I mentioned three countries more densely populated than the UK - The Netherlands, Belgium and Japan. All have embraced the bicycle as a means of urban transport, and both invest heavily in public transport. They do this because in parts of the world where lots of people live together, there just isn't room for everyone to drive. Motorists know this, deep down, and fear the loss of their privileged position in the hierarchy on the road. That is why any comment which involves addressing the necessity to control traffic is dealt with in such an angry way. Humans are irrationally loss-averse, and blind to opportunities. Just as benefits recipients fear the changes to the benefits system more than is reasonable, the motorist fears any alternative to the car more than is reasonable.

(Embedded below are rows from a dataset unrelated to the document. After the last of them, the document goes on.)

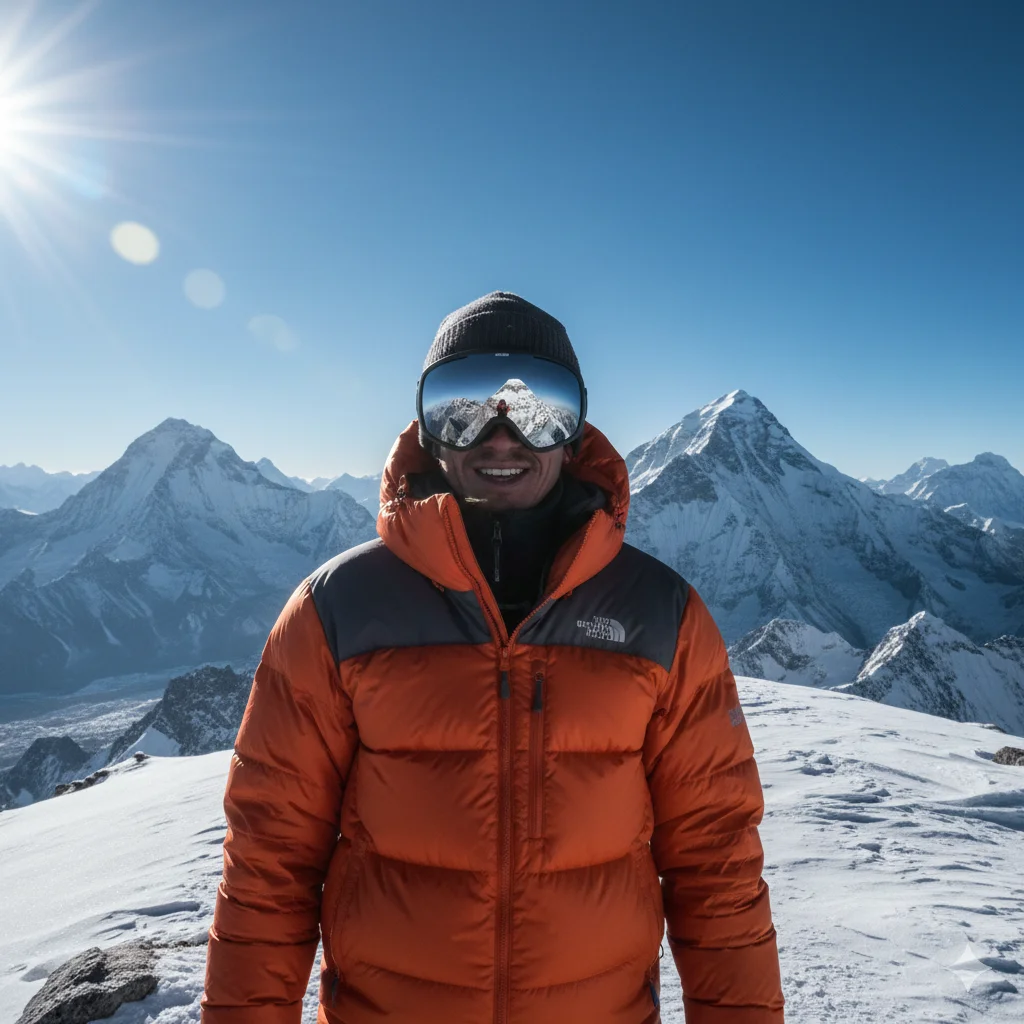 A rugged portrait of a hiker standing on a snowy mountain peak. Wearing a bright orange down jacket and snow goggles. The reflection in the goggles shows Everest. Blue sky, bright sunlight, lens flare. National Geographic style photography.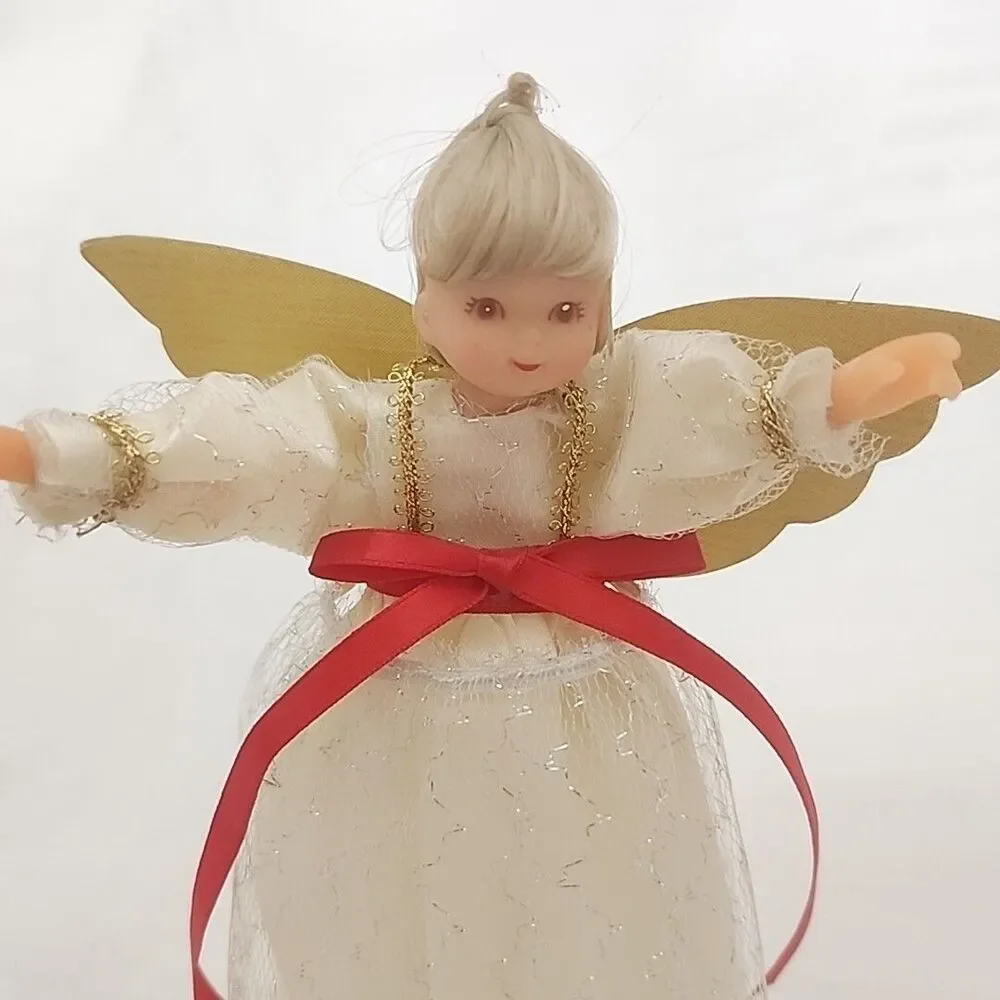 Vintage JOYBRITE  8” Christmas Angel Tree Top Topper Made In Taiwan Great Shape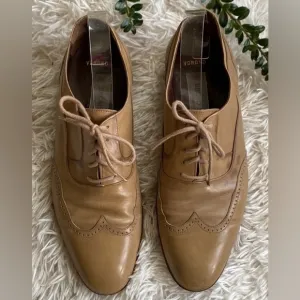 Men Bruno Magli Sz 8 brown leather Italian casual business lace up Oxford shoes
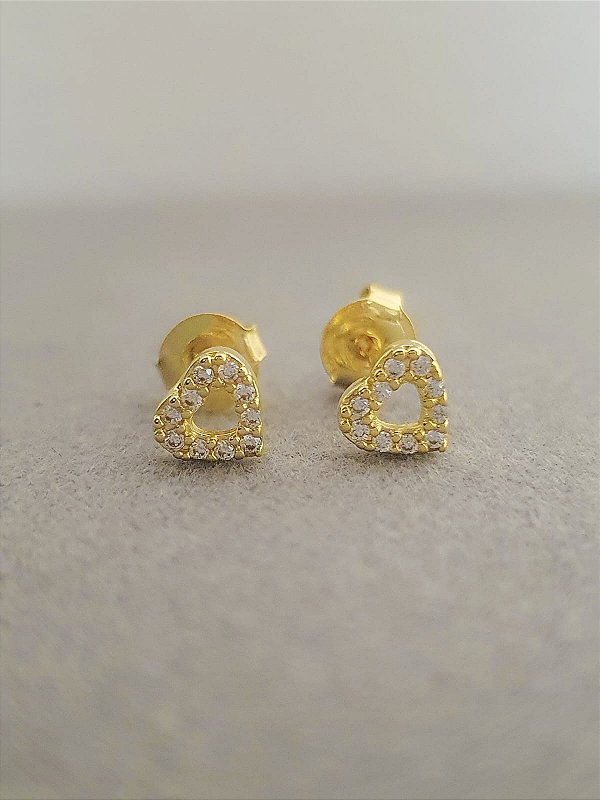 Brinco Coração P Cravejado Banhado a Ouro 18k - PRES005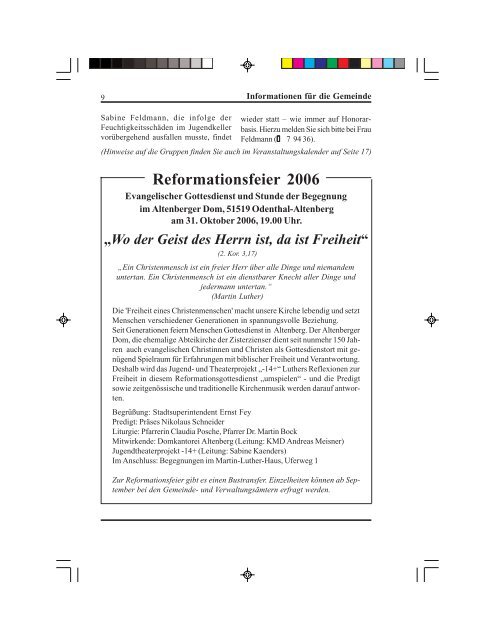 Sonderaktion 2006 - Evangelische Gemeinde Weiden/Lövenich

Note, I am not suggesting YOU can't use YOUR car, merely suggesting that government has a role in providing safe alternatives, even if you're a libertarian. If you're a libertarian, you should be in favour of market pricing mechanisms. This isn't government promoting anything, nor is it isn't a war on the motorist. Can we really go on sitting in traffic for hours (when I say "we", I mean "you". I'm long-gone)? Wouldn't it be better if, on a sunny day, you weren't put off taking a bike to work for a change because of a perceived danger? It's about giving the options, not taking them away. Wouldn't it be nice if there was an incentive for your employer to allow you to work at home? Do we really ALL need to make the journey to work at the same time? Without a pricing mechanism which captures at least some of the externalites, you will not have the most efficient use of resources, and we're all poorer for it.
Finally, and much more broadly, we have the wrong basis for taxation. Why do we tax jobs, leading to fewer jobs; why tax profits, we want more; why not tax externalities instead? Pigovian taxes make more sense than income taxes because the tax can create a positive outcome in more efficient useage of resources. Wouldn't that make sense?